Exercise description →
For each record that follows, restate the text exactly and drop the pictures.

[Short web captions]
------------------------

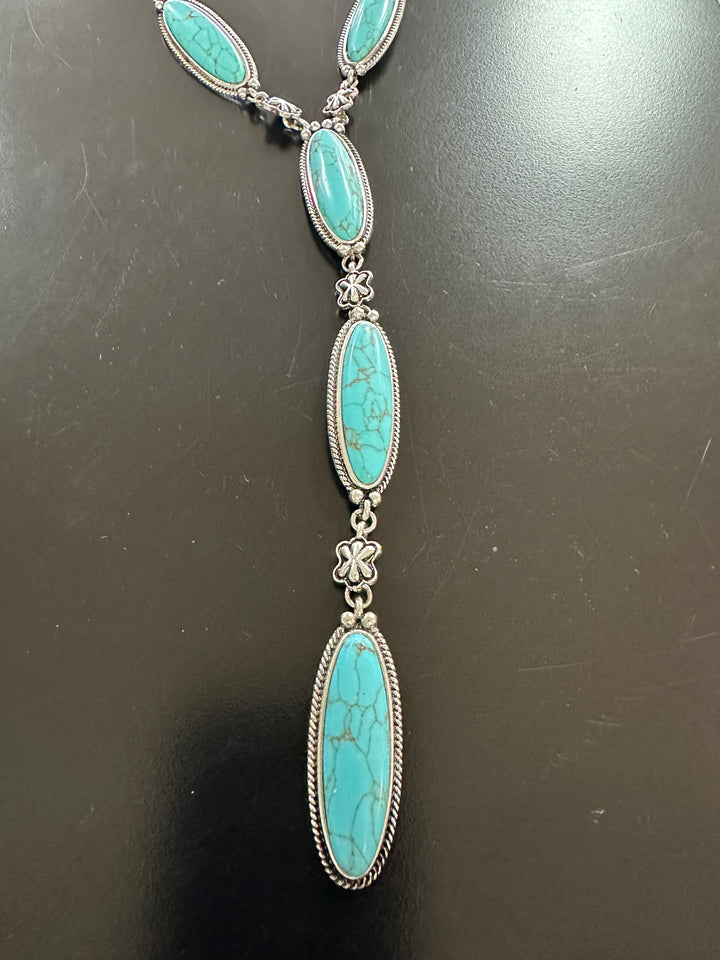 Lg Lariat Turquoise Necklace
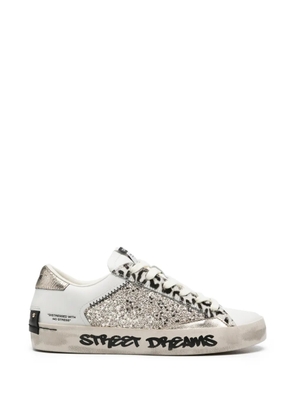 Crime London Distressed animal-print glitter sneakers - White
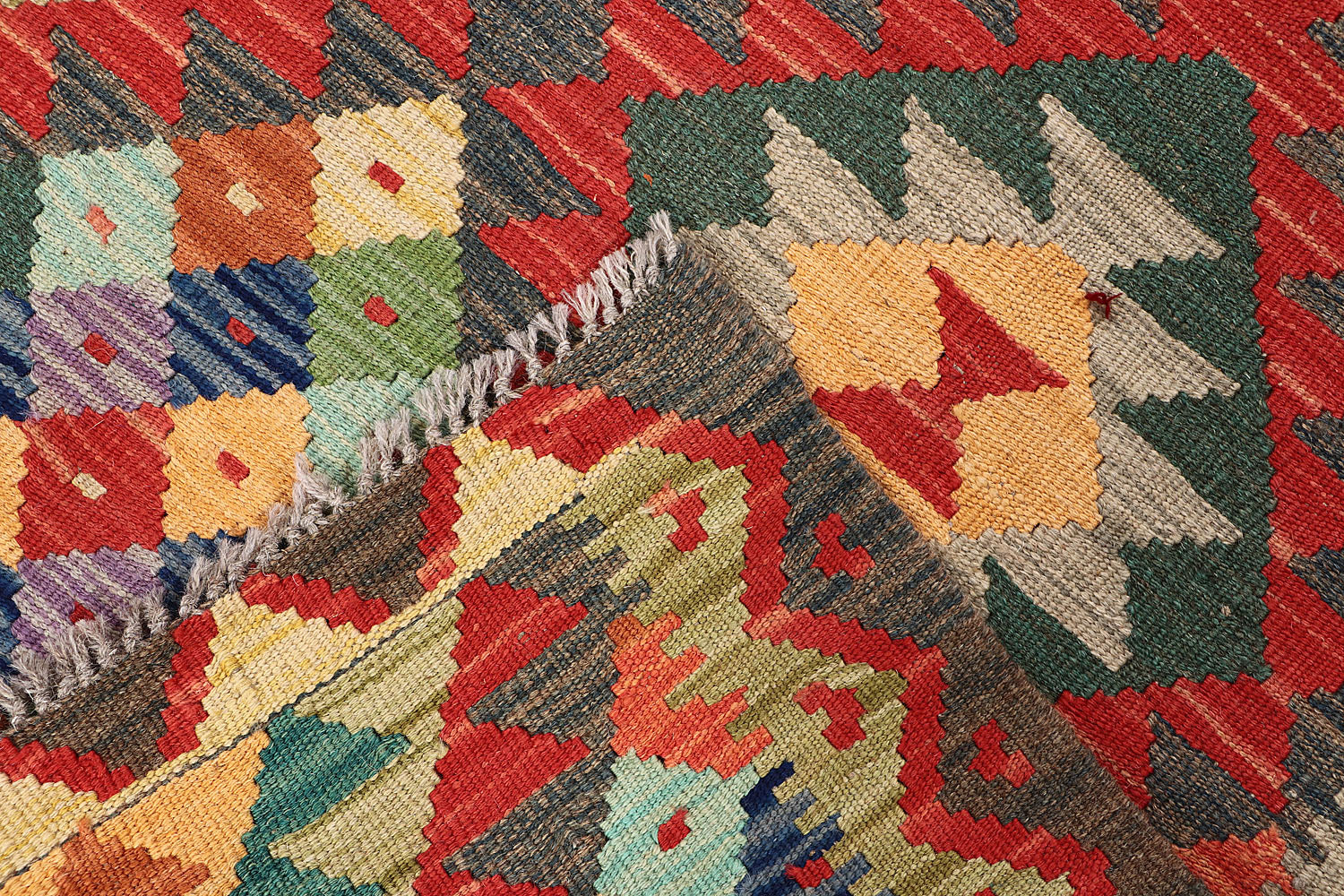 3' X 5'  Multy Handmade Veggie Dye Kilim Rug Rectangular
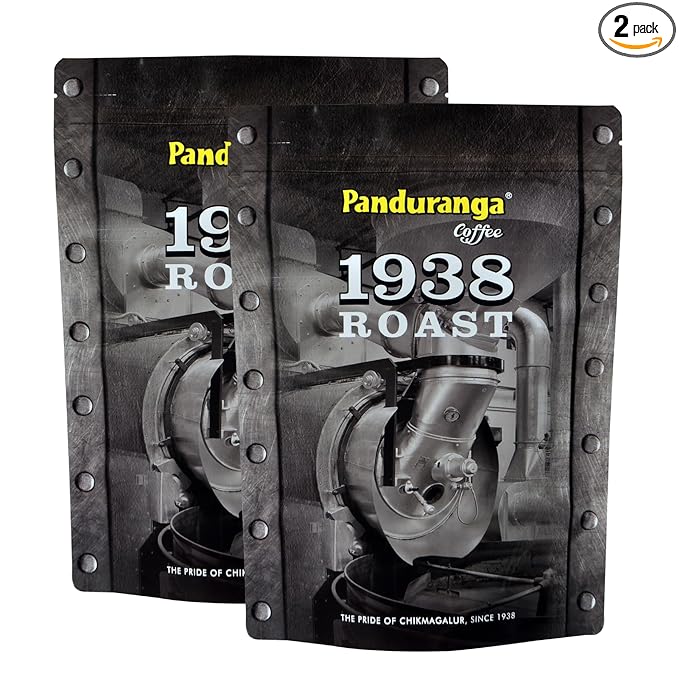 Panduranga Coffee 1938 Roast - Premium South Indian Filter Coffee Celebrating 80+ Years of Legacy Authentic Chikmagalur Blend Artfully Roasted for Rich Aroma &amp Flavor 500g (Pack of 2)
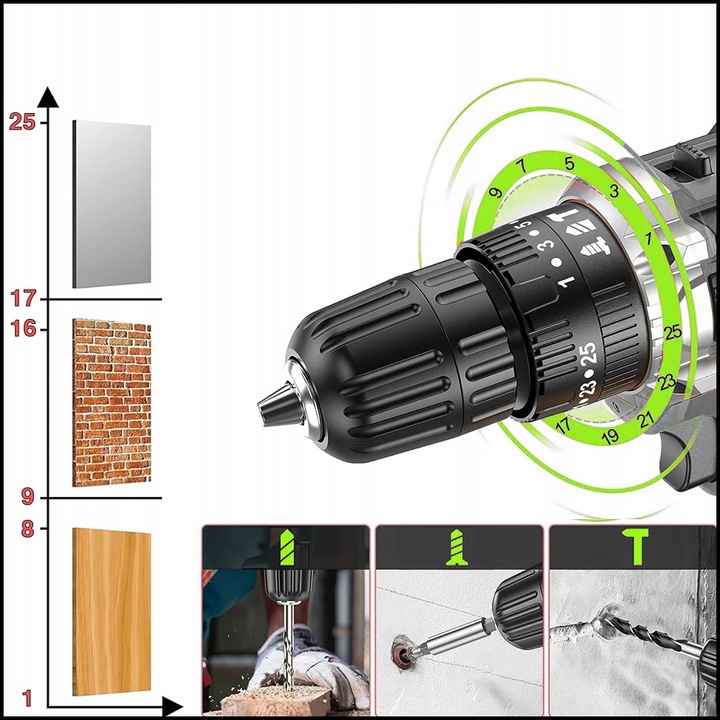 UDAROWA WIERTARKO WKRĘTARKA AKUMULATOROWA BITY NASADKI WALIZKA ZESTAW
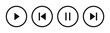 © Kingwardobe - Music player icon set for multimedia audio player user interface. Music player icon set with paly, pause, next and back button.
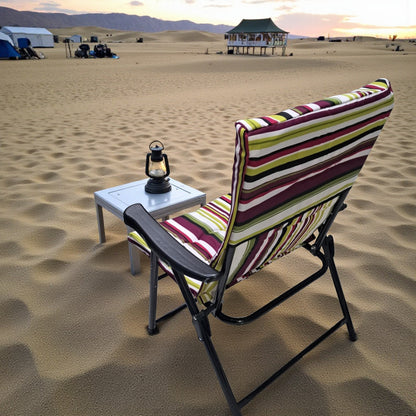 Folding Camping Chair with Maroon Green Striped Cushion – Comfortable Outdoor Recliner with Padded Seat, Armrests, and Heavy-Duty Steel Frame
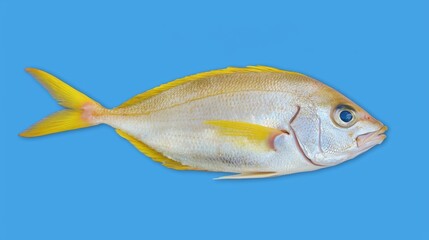 Fototapeta premium Fresh Raw Dorado Fish on a Blue Background, Concept of Dietary and Healthy Food for Supermarket or Grocery Store Generative AI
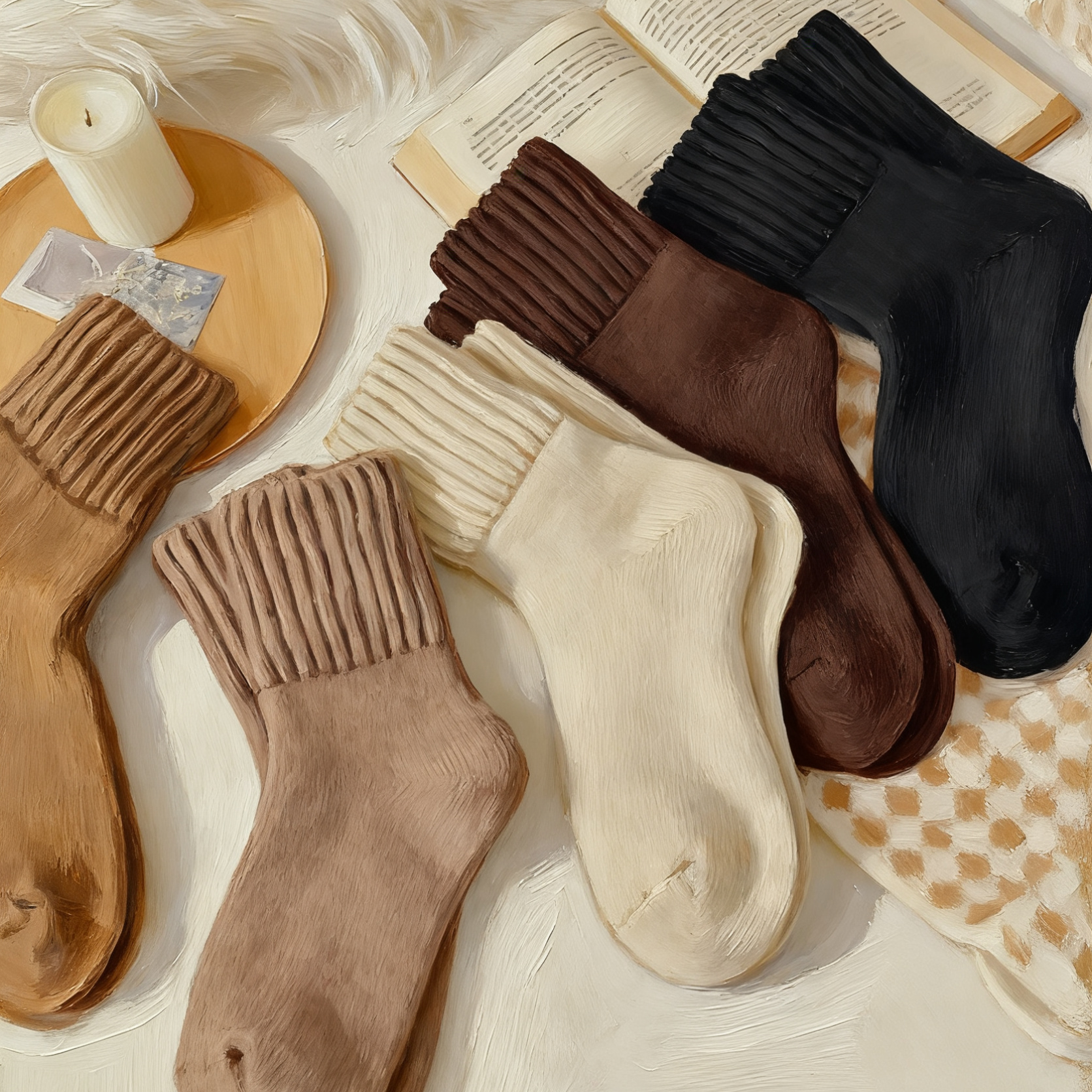 Damen Wollsocken, dick gefüttert, mittelhoch, warm und flauschig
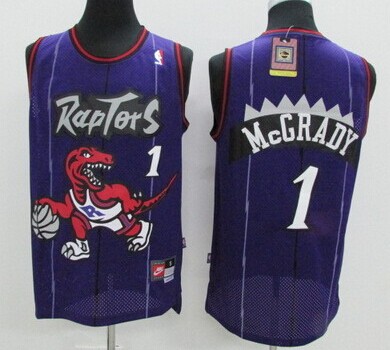 Toronto Raptors #1 Tracy McGrady Hardwood Classic Purple Swingman Jersey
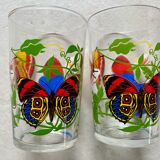 Vintage butterfly glass duo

------------------------

Answer below →
 Lg Lariat Turquoise Necklace
 Crime London Distressed animal-print glitter sneakers - White
 3' X 5'  Multy Handmade Veggie Dye Kilim Rug Rectangular
 Panduranga Coffee 1938 Roast - Premium South Indian Filter Coffee Celebrating 80+ Years of Legacy Authentic Chikmagalur Blend Artfully Roasted for Rich Aroma &amp Flavor 500g (Pack of 2)
 UDAROWA WIERTARKO WKRĘTARKA AKUMULATOROWA BITY NASADKI WALIZKA ZESTAW
 © Kingwardobe - Music player icon set for multimedia audio player user interface. Music player icon set with paly, pause, next and back button.
 Folding Camping Chair with Maroon Green Striped Cushion – Comfortable Outdoor Recliner with Padded Seat, Armrests, and Heavy-Duty Steel Frame
 Fototapeta premium Fresh Raw Dorado Fish on a Blue Background, Concept of Dietary and Healthy Food for Supermarket or Grocery Store Generative AI
 Damen Wollsocken, dick gefüttert, mittelhoch, warm und flauschig
 Toronto Raptors #1 Tracy McGrady Hardwood Classic Purple Swingman Jersey
 Vintage butterfly glass duo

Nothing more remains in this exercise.